The press left Americans isolated from the complexities of the story for decades. As many work today to resurrect Afghanistan from the ashes of the Cold War through the political process, we’ve come to realize it is the ignorance of the US role by Americans that is the biggest obstacle. If there is no understanding of the context of events that created Afghanistan’s travail today, there will never be any meaningful solutions.

Now the mainstream media has forgotten its pact with the devil as Hollywood continues to draw from this faux mythology by immortalizing the story of Texas Congressman Charlie Wilson. Written by CBS producer George Crile, Charlie Wilson’s War lionizes the wild-west fantasy world of the CIA’s largest covert operation, the arming of the Mujahideen by Congressman Wilson. This film sets an understanding of the atrocity to the Afghan people back a century while the propaganda about the US role is permanently codified into the mainstream thinking of America.

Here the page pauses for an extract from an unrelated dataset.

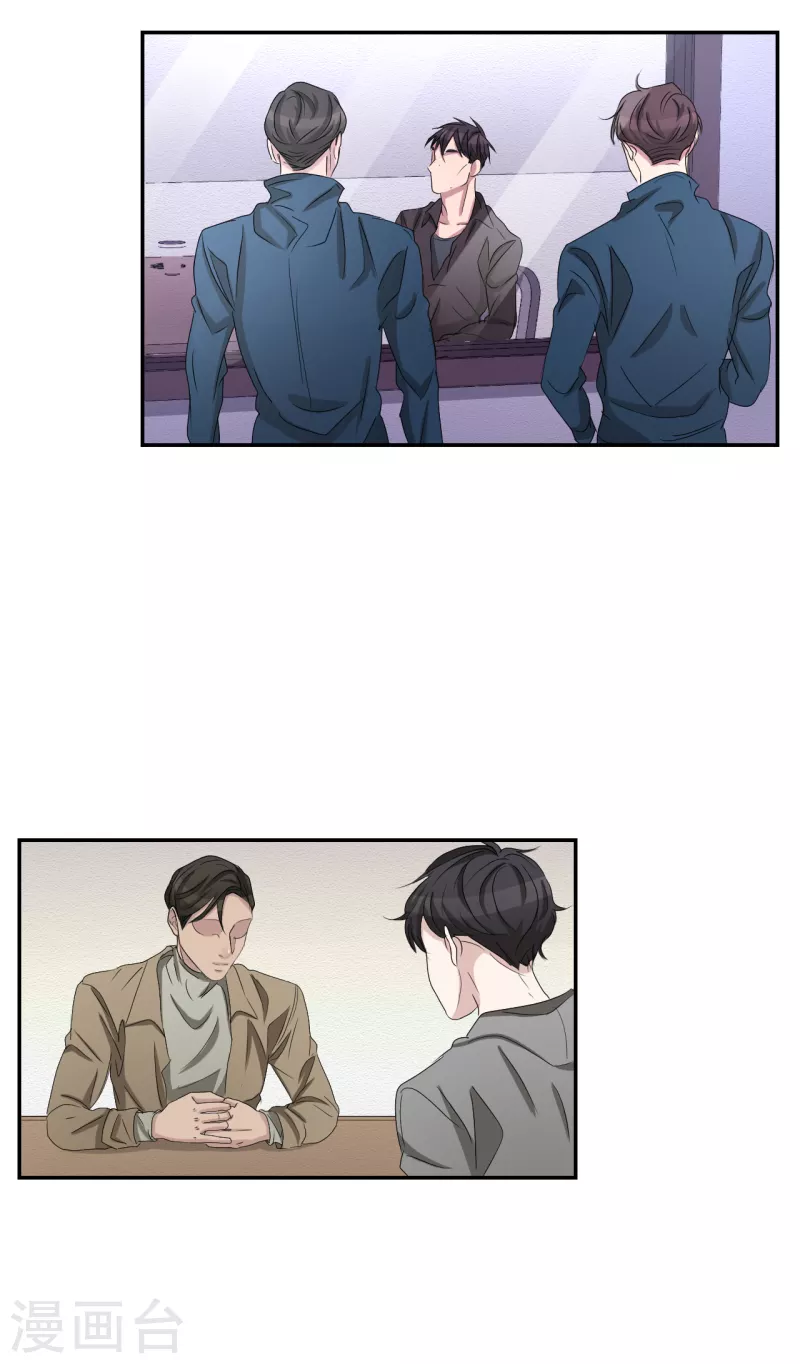 第28话 纵火凶手落网-第28话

When truth was compromised by journalists they compromised their ability to leave the story for posterity. We must undo the compromise that eroded the authority and vibrancy of journalism through decades of Cold War secrecy, bureaucratic pressure and intellectual corruption. Getting the full story of the media’s impact on Afghanistan into the light will start the dialogue necessary to understand America’s true role. Only through that reflective process can our storytellers once again, create a genuinely new mythology that will help us construct a future that we can all live within.

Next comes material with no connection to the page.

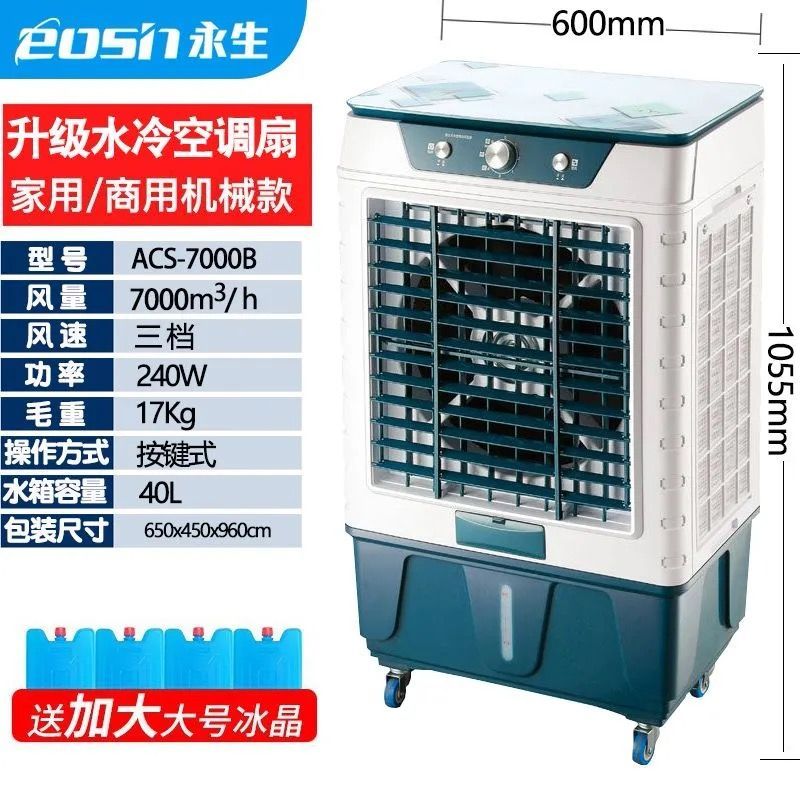 永生冷风机家用空调扇工业移动冷风扇制冷空调客厅出租房节能商用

A review of the DVD Release of Charlie Wilson’s War turns Propaganda into History :

“War-movie fatigue” might have caused this entertaining, enlightening history play to get lost amid last fall’s impressive prestige-film crop, but in its own way, “Charlie Wilson’s War” could prove as timeless as anything that came out in ’07. Screenwriter Aaron Sorkin and director Mike Nichols recount the true story of smart-but-rascally Texas Rep. Charlie Wilson (played by Tom Hanks), who covertly led the campaign to drive the Soviets out of Afghanistan, then watched as the stability he’d hoped to bring to the region collapsed with the end of the Cold War. Julia Roberts and Philip Seymour Hoffman give lively performances as, respectively, a promiscuous right-wing socialite and a grouchy, laconic CIA agent. The DVD features short documentaries on the making of the film and on the real Wilson — who might be even more colorful than the movie makes him out to be.”